I love this Wall Street Journal story this morning on how CEOs, despite their rich paydays, often get automatic gains on their retirement plans, while their proles face the whims of the markets.
This is really solid reporting. You always like to see “according to a Wall Street Journal analysis” rather than “according to some study somebody flacked out.” But it’s important to recognize the conceptual ability at work here. Before you do the reporting you’ve got to have the idea, which at bottom is this:
The disparity underscores a fact of life in America’s corporate-pay scene. It’s not just bigger paychecks that have led to a growing wage gap—it’s the different levels of risk that executives and rank-and-file employees face in their retirement plans.
The story benefits from an excellent anecdotal lede:
Jacqueline D’Andrea last year lost more than 60% of the 401(k) savings she built over a decade as a Wal-Mart Stores Inc. manager, she says. The 1.2 million employees in the retailer’s 401(k) retirement plan lost 18% as the market plunged, corporate filings show.

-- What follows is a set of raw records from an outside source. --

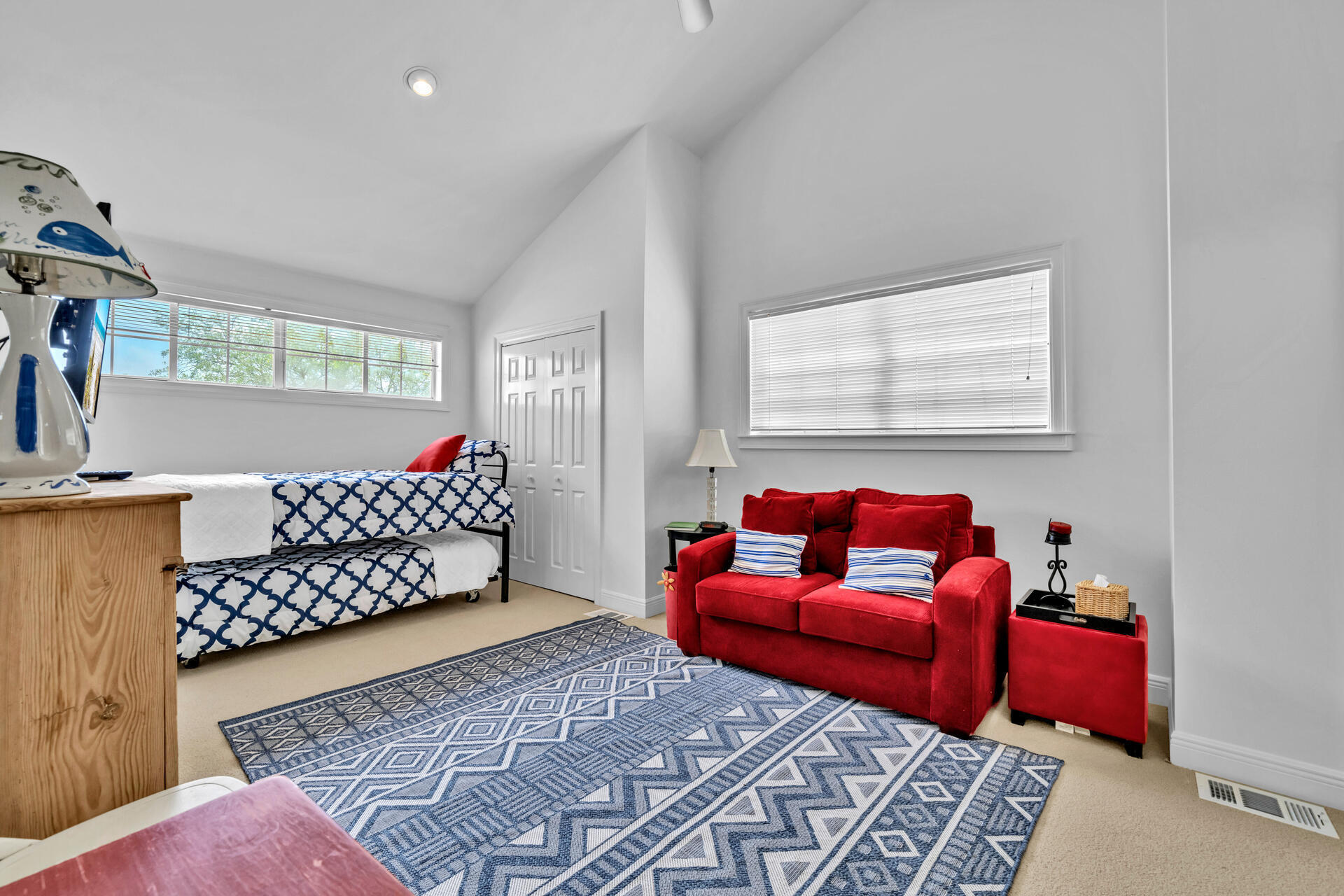 VANTAGE POINTE - Residential
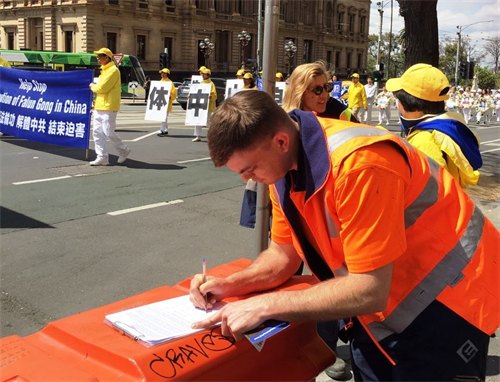 '图18~20:在市中心工作的人们签名,呼吁立即停止迫害法轮功。'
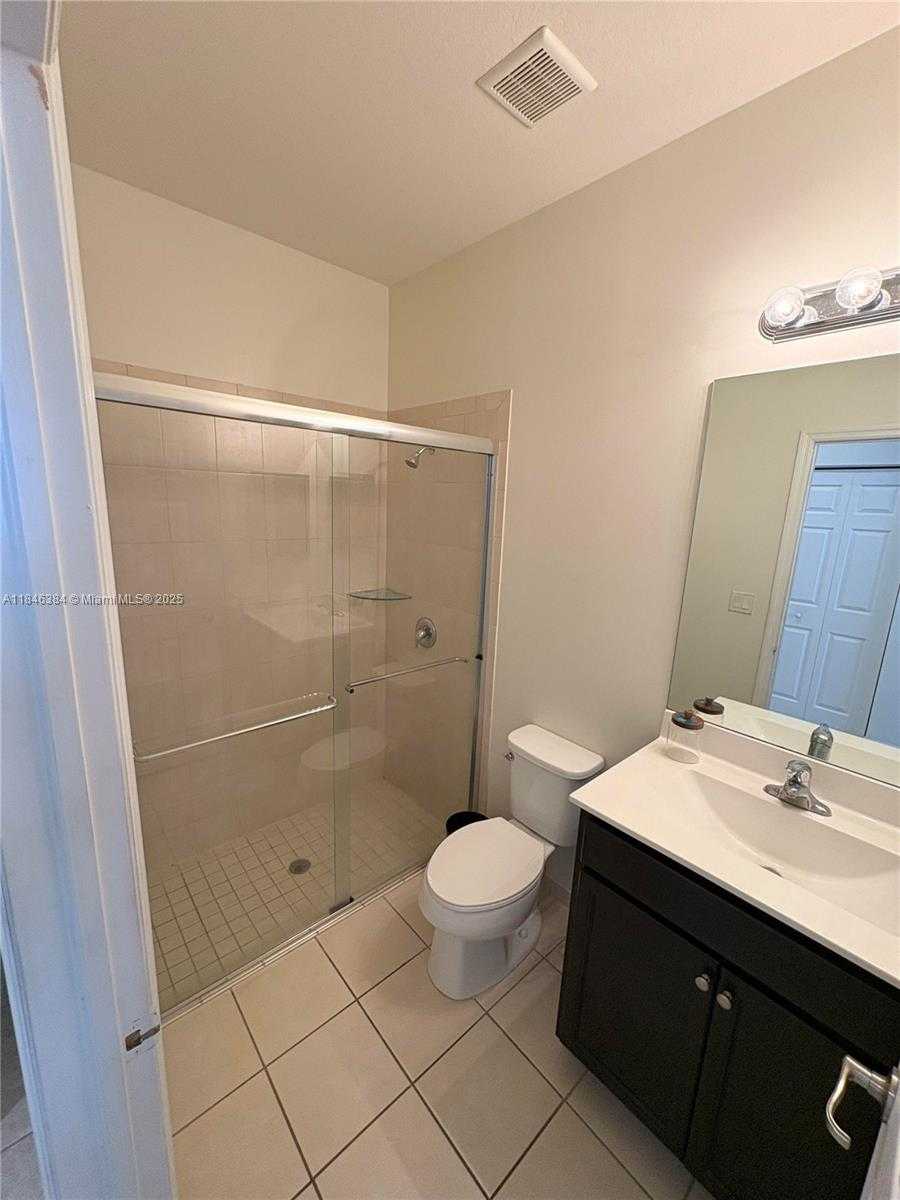 Small Image of 3501 WEST 92ND PL, Hialeah Number 53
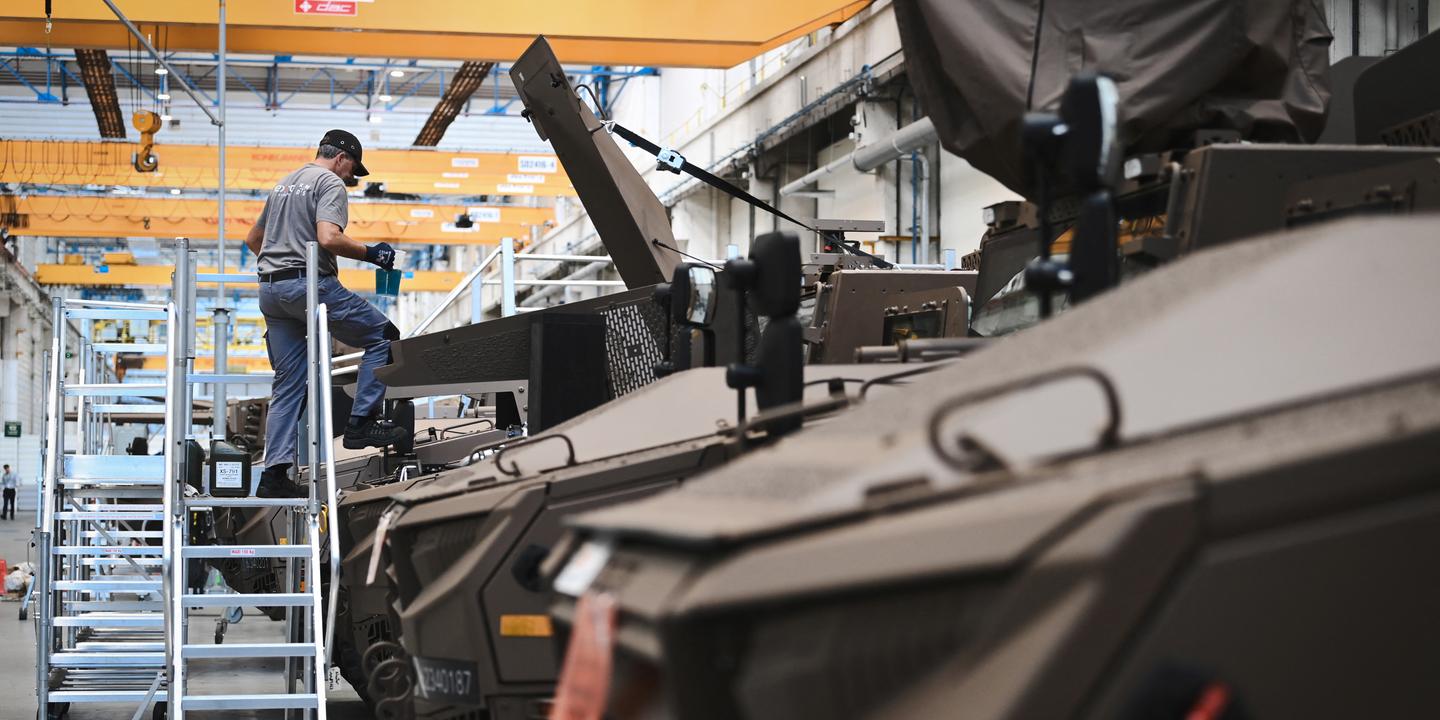 KNDS s'inspire de l'automobile pour booster sa production de blindés et canons Caesar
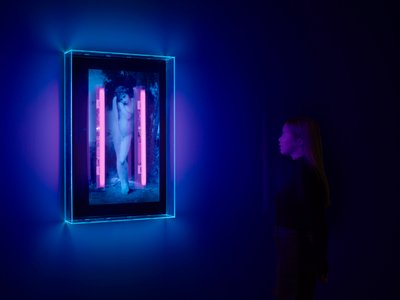 Ultraviolet Angel, 2008 (tusz ultrafioletowy na pudełku z pleksiglasu, 2 neony ultrafioletowe) autorstwa Mat Collishaw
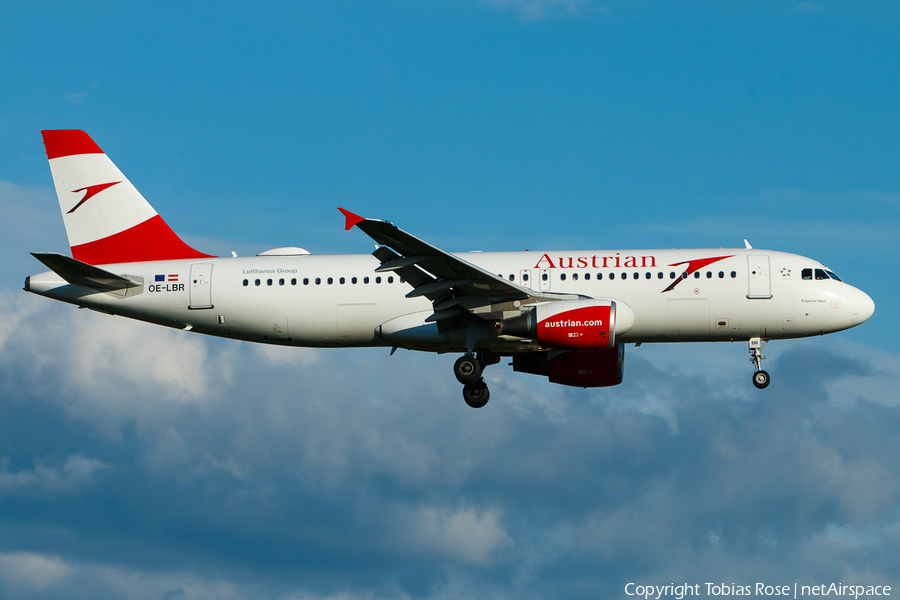 Austrian Airlines Airbus A320-214 (OE-LBR) | Photo 334680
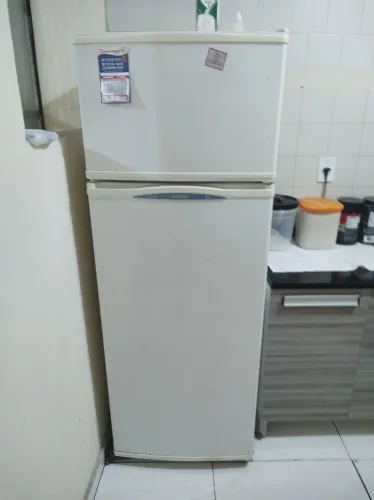 .Vende-se uma geladeira Consul 340 Frost Free
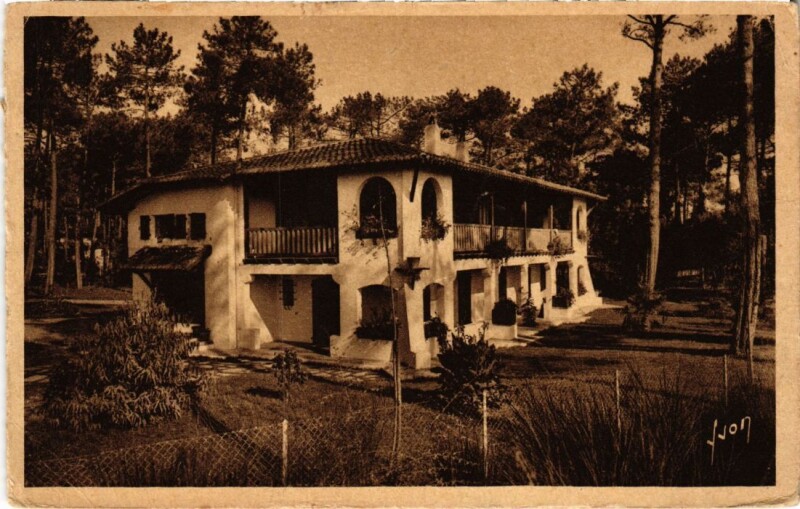 Carte postale ancienne Hossegor Type villa basque cachee dans le foret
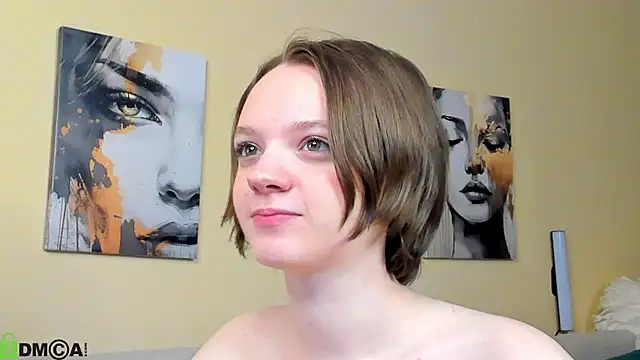 Olivia Riesz online show from 05/12/26, 01:14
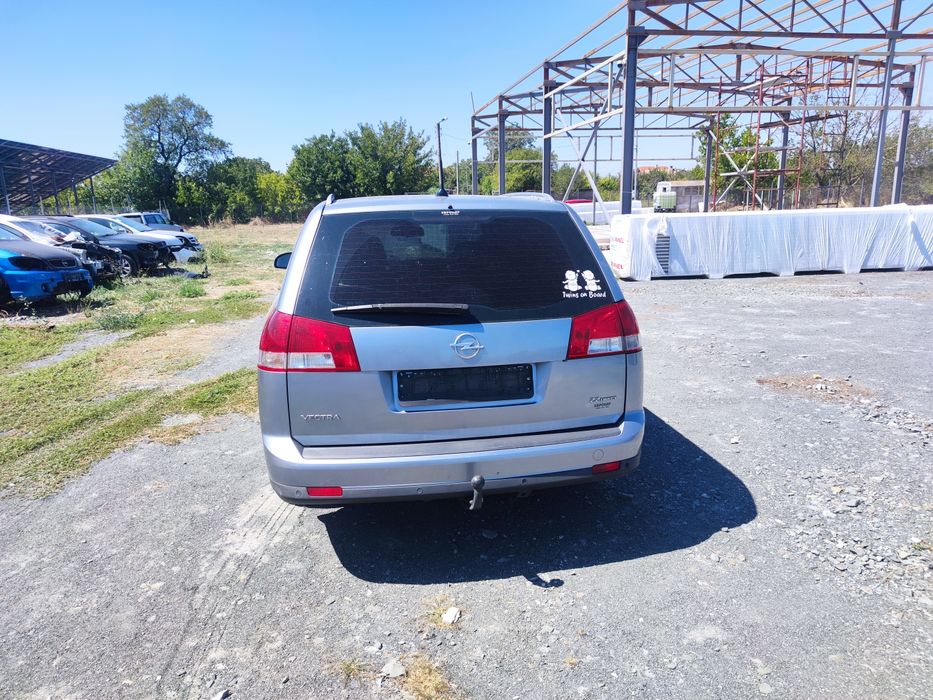 Опел Вектра Ц 2.2 155к.с директ комби НА ЧАСТИ / Opel Vectra C 2.2 155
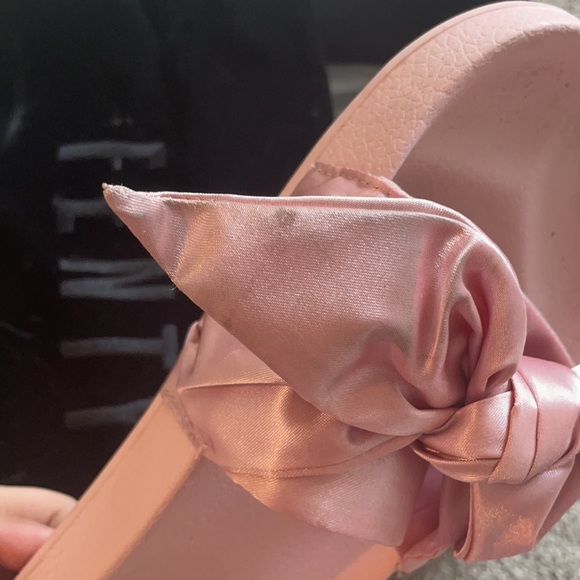 Puma x Rihanna Fenty bow slides, pink UK 7 - Picture 6 of 10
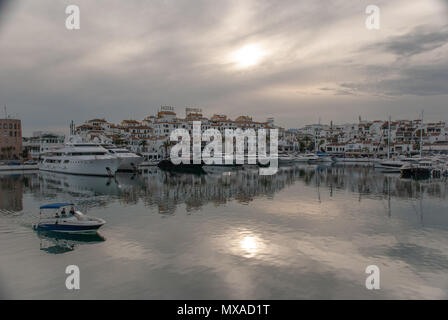 Porto Banus Marbella Spanien. Super Yacht Hafen und Spielplatz für die Reichen und Berühmten. Mai 2018. Stockfoto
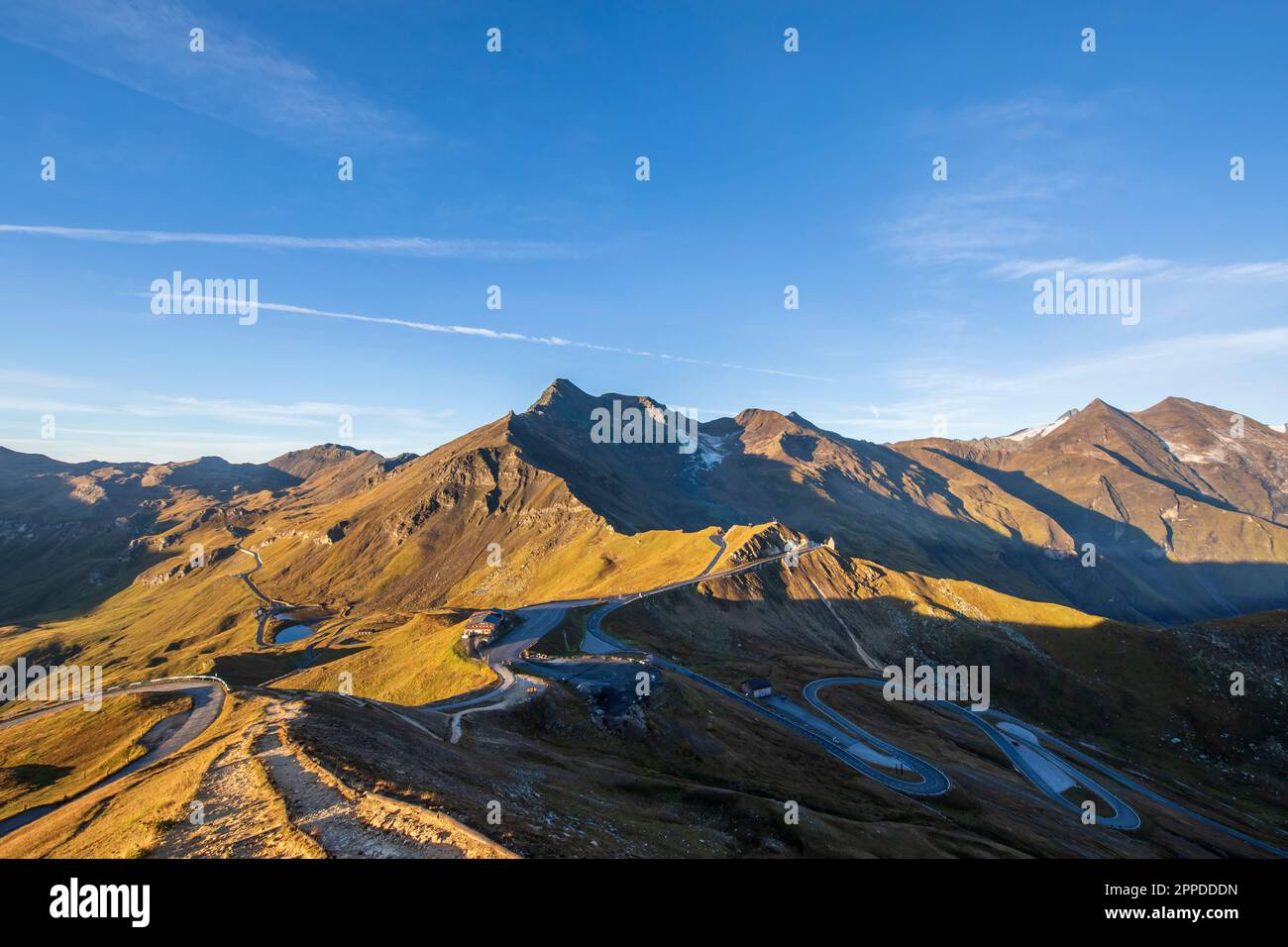 Austria, Salzburger Land, Vista dalla cima del monte Edelweissspitze Foto Stock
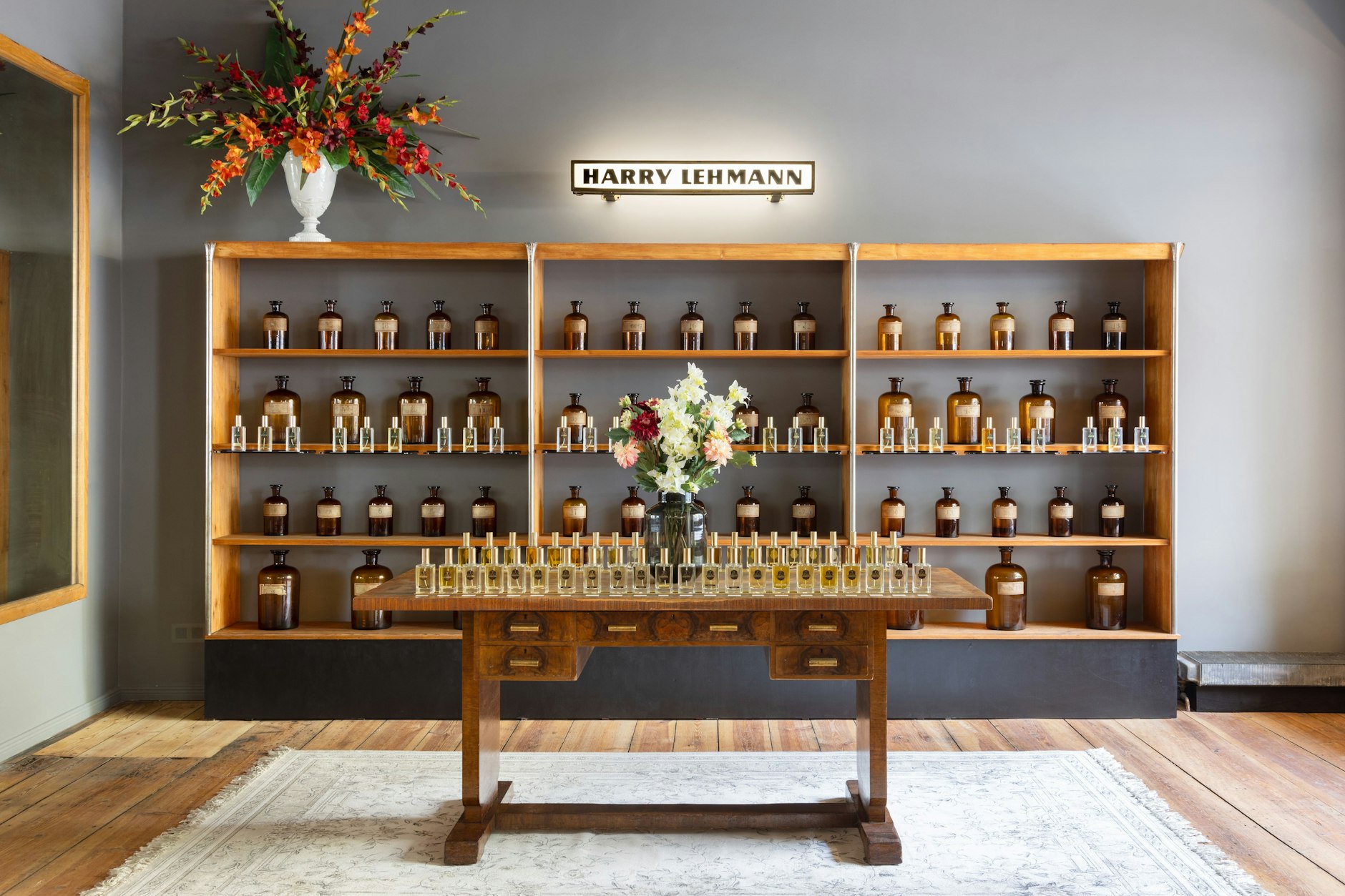 Schöner denn je: Das alte Mobiliar haben die neuen Besitzer sorgsam aufgearbeitet.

Top executives at Wal-Mart didn’t face such risks. Thanks to a guaranteed 6.6% return, Chief Executive Officer H. Lee Scott Jr. had gains of $2.3 million in a supplemental retirement-savings plan, bringing its total savings to $46.7 million.
This is an interesting glimpse of the glaring disparities between risk at the top and even the relatively high level of an in-store manager. First of all, that 60 percent loss shows the flaws in the 401(k) system, which puts the onus for investing on people who have no idea what they’re doing. Even in 2008, 60 percent is a bad loss. The Dow was down 34 percent last year, while the S&P 500 was down 38 percent. Ms. D’Andrea should have been in index funds, should have been in some cash, and should have been in some bonds.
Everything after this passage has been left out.